A New Empirical Test of Relative Risk Aversion Hypothesis By Bayes Model: Bernoulli Core Approach
Thursday, 19 July 2018
Location: Hall C (MTCC NORTH BUILDING)
The RRA (relative risk aversion) hypothesis proposed by Breen and Goldthorpe (1997) is one of the most influential rational choice theory that attempts to explain educational differentials among social origins of students. They formalized a probabilistic model and assumed that decision-making about advancement of higher education is motivated by the individual’s preference to avoid downward social class mobility. Many empirical studies have tried to test the validity of the RRA hypothesis by statistical estimation of the effect of class origin on educational attainment (Davies et al 2002, Breen and Yaish 2006, Fujihara 2011;2012, Stocké 2007). However, many estimation models in previous studies contain serious misspecification error because of the over simplification of statistical models. Mathematically correct formula of advancement rate for higher education derived from B&G model cannot be represented by discrete choice model such as, binomial or multinomial logistic regression with maximum likelihood estimation. Therefore, all result of estimation by generalized linear models cannot be evidence for empirical test of RRA hypothesis.

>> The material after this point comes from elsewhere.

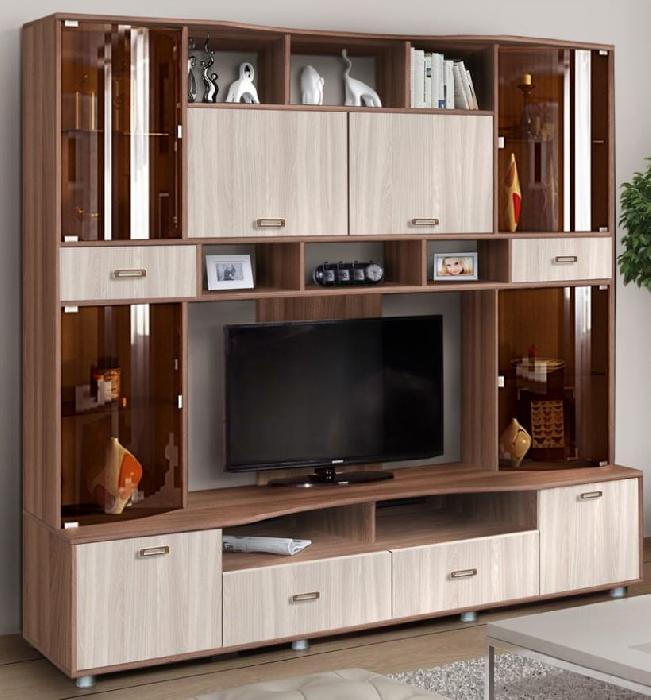 Гостиная Аллегро вар.№4 ЛДСП (ясень темный, ясень светлый,(Диал)) Гостиная Аллегро вар.№4 ЛДСП (ясень темный, ясень светлый,(Диал))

Meanwhile, this paper implements a hierarchical Bayes MCMC estimation to test the RRA hypothesis correctly. We show that mathematical structure of the RRA hypothesis can be precisely expressed by hierarchical Bayes model. Using nationwide data, SSP 2015 and SSM 2015 in Japan, we show that 95% highest density intervals of posterior distribution of advancement rate for individuals from higher origin is greater than that of lower origin when assuming RRA hypothesis. Moreover, posterior distributions of theoretical parameters such as alpha, beta, and gamma that define the probability of reaching various social class, are all estimated by MCMC. It reveals that staying higher education may increase risk of downward mobility for individuals from middle class origin.